Love and hate are harsh terms that perhaps shouldn’t be used when talking about companies and people’s perceptions of them – after all, as we said before, love’s got no business being used in the world of marketing and, well, business. But when we evaluate companies’ brand and reputation, and their perceived Corporate Character, the main index we look at is the level of trust and affection they enjoy in the marketplace – and on that measurement, among the 120+ companies we monitor in Denmark every month, Lego always seems to come first and Saxo Bank last. Why is that?
Of toys and bank accounts
It’s true that most of us are not aware of many Saxo-fans out there, and we don’t mean the musical instrument! Jokes aside, it’s clear that comparing a toy manufacturer with a bank is not exactly fair: people have a personal and playful relationship with games and toys, one that can extend way beyond their childhood – hence the phenomenon of Adult Fans of Lego. A bank, on the other hand, is considered a “necessary evil”, a rational service that is not typically associated with strong emotions. This is fair enough and starts explaining the difference in scores between the two companies, but our data shows that there are other toy manufacturers that are not nearly as trusted and liked as LEGO (e.g. Playmobil, ranked 52), just as much as there are other banks that are not nearly disliked and distrusted as much as Saxo Bank (e.g. Arbejdernes Landsbank, ranked 61). So clearly there’s more to it than the difference in sectors and the nature of the product.

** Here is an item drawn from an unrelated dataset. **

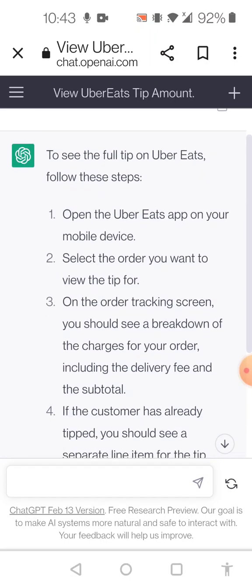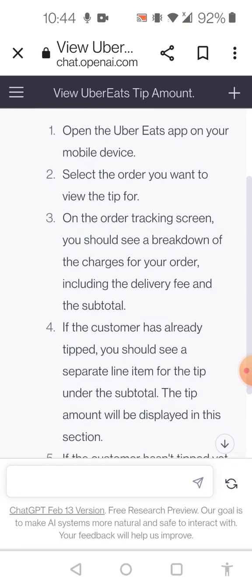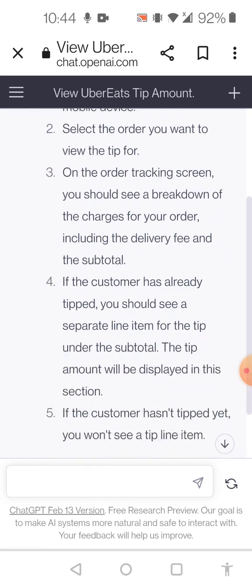What do you guys think? ChatGPT says: open the Uber Eats app, select the order you want to view the tip for, and on the order tracking screen you'll see the charges for your order including delivery fee and subtotal. If the customer tipped, you should see a separate line item for the tip under the subtotal — the tip amount will be displayed in that section.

To try and answer this question, we should first explain our methodology in a bit more detail.
Why it’s important to be trusted and liked
At Caliber we believe that companies that are driven by a unique purpose and act with integrity have a strong and lasting character – in the same way that people do. Our experience and research clearly show that this leads to being more trusted and liked by other people, and for companies this means winning more loyal customers and employees, and more dedicated ambassadors among other stakeholder groups – helping secure the performance and viability of the business. We consider “driven by a unique purpose” to be a testament of a strong corporate brand, and “acting with integrity” to be the hallmark of a strong company reputation. These therefore form the building blocks of our methodology, which looks at brand and reputation dimensions as driving trust and affection, which in turn build consideration, preference and advocacy.
As part of our real-time tracking program we monitor the public perceptions of more than 120 companies in Denmark on a monthly basis on the different aspects of their brand and reputation. Since, as mentioned above, our research indicates that being trusted and liked is the main driver of people’s behavior and goodwill towards companies – we focus on that as our main index, while also trying to understand how brand and reputation dimensions help build these emotions of trust and affection. Looking at the development of our metrics we can detect key characteristics of those companies who succeed in forming this emotional bond with the public, and those who don’t.

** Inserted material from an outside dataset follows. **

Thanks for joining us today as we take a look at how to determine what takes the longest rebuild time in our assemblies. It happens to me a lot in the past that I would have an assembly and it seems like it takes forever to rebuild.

One interesting thing we find again and again is that a strong brand and a strong reputation go hand in hand when it comes to earning the trust and affection of stakeholders. In fact, 53% of people’s trust and affection towards companies is influenced by an organization’s corporate brand (how authentic, relevant, differentiated and inspiring it is perceived to be), while 47% is explained by the corporate reputation (perceptions of the company’s products, innovation, integrity and leadership):
Figure shows percentage of influence of each corporate brand and reputation dimension on trust and affection (sum = 100%). Percentages are result of a multiple linear regression analysis based on the data from the Caliber brand and reputation tracker in September-November 2016 (n = 4.963; Adj R-square = 0,731)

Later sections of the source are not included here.